Outro aspecto peculiar do disco é o acerto nos detalhes. Algumas faixas têm adição de ruído, chiados, sons de conversas e barulhos (como o de mar, sinos ou crianças chorando), que ajudam a criar uma ambientação para o texto e o contexto das músicas.
A busca por sonoridades específicas para cada composição também é conseguida com instrumentos pouco usuais. "Você nota que tem uma pegada bem experimental, é bem dub, tem coisas inusitadas. Você tem que apostar na sua forma, ousar na sonoridade, tentar fazer coisas que nunca fez. Neste disco você escuta tuba, flauta doce. Quem hoje está gravando tuba? Se você coloca num contexto criativo, pode tudo. A gente parte desse principio", afirma o guitarrista Xandão.
Otimismo
Letras otimistas, que falam de superação em meio a um cenário de desapontamentos e problemas sociais, marcam a maior parte das músicas do disco.
Nesta tônica, está Anjos (Pra Quem Tem Fé), single lançado em maio, cuja letra foi composta por Falcão no período em que uma tia fazia sessões de quimioterapia.
O mesmo sentimento toma Auto-Reverse, segunda música de trabalho, cujo clipe foi gravado em comunidades cariocas e em Fernando de Noronha, e contou com a participação do rapper Dexter e de outros exemplos de superação.
O Horizonte é Logo Ali, um dub, e Boa Noite, Xangô , com uma pegada bem reggae, também têm esta vibe positiva. O mesmo pode-se dizer de Um Dia Lindo, faixa de encerramento que conta com a participação do rapper Edi Rock (Racionais MCs).
"Apesar desta convulsão social toda que estamos vivendo, a mensagem é muito positiva.
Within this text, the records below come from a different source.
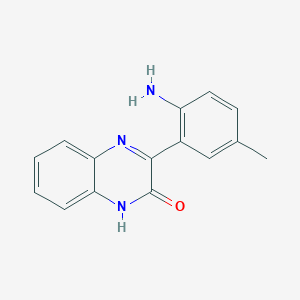 molecular formula C15H13N3O B2655733 3-(2-amino-5-methylphenyl)quinoxalin-2(1H)-one CAS No. 878420-60-1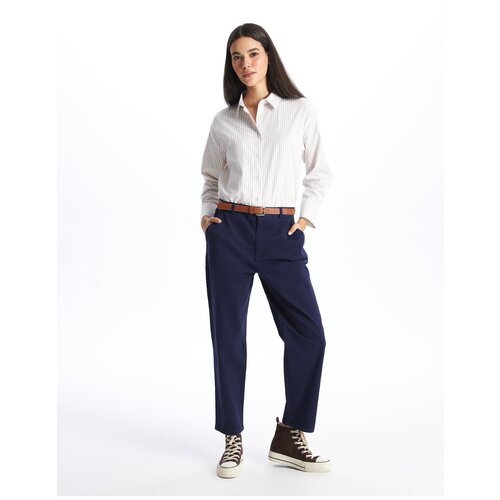 LC Waikiki Belted Waist Carrot Cut Women's Trousers Slike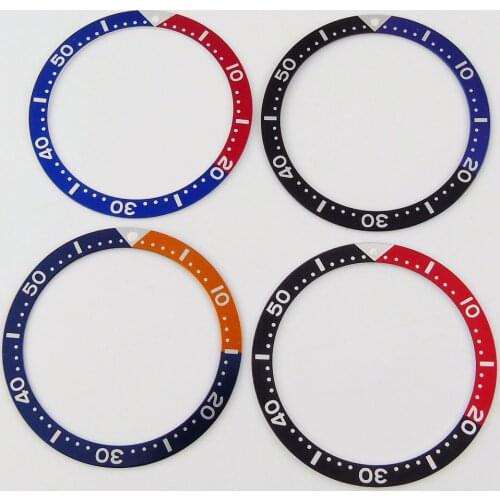 New 39mm Black Blue Alloy Watch Bezel Ring Insert for 45mm BLIGER Watch Case Luminous Dot
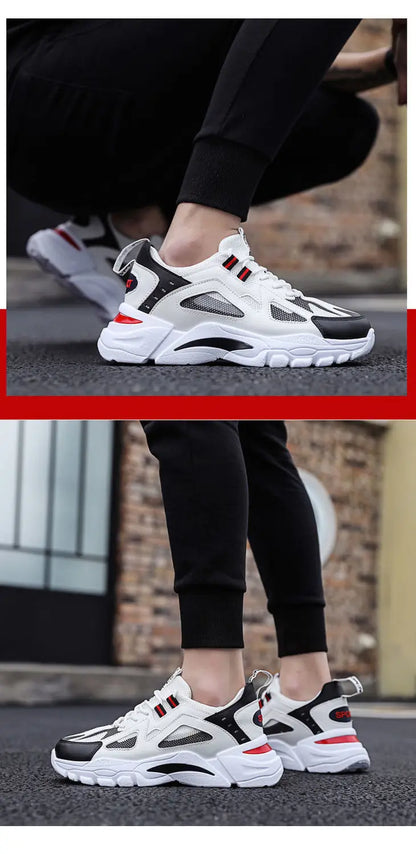 Nuove scarpe casual da uomo per l’outdoor, scarpe sportive alla moda, leggere, comode e traspiranti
O povo brasileiro não perdeu a esperança", afirma o baterista Marcelo Lobato.
A crítica social se faz presente no disco, mas não da forma tão direta e explícita dos primeiros trabalhos. Esta abordagem pode ser encontrada nos textos mais provocativos de Sequência Terminal, Doutor, Sim Senhor! e Cruz de Tecido. Esta última pede justiça ao acidente aéreo que matou 199 pessoas no aeroporto de Congonhas, em 2007.
Vale a pena prestar atenção nos arranjos de Vida Rasteja, principalmente no encerramento, onde um solo de piano se sobressai e faz diferença no conjunto do disco.
Interrupção
Os Rappas negam que qualquer tipo de briga ou desentendimento tenha causado o hiato da banda por quase dois anos. No entanto, na entrevista os músicos se referiram várias vezes a pequenos estresses causados pelo excesso de shows e à sensação de serem "empregados" dos empresários.
"Paramos porque a gente sentiu a necessidade de fazer o que todo mundo fazia e a gente nunca tinha feito: entrar de férias, fazer outras coisas, não ter O Rappa como prioridade. O que vale aqui é a melhor coisa pro Rappa. A melhor ideia naquele momento foi parar", diz Falcão.
O grupo retomou as atividades com um novo empresário e assumindo de fato os rumos da própria carreira. "A gente é quatro. É esse caminho aqui", acrescenta o vocalista.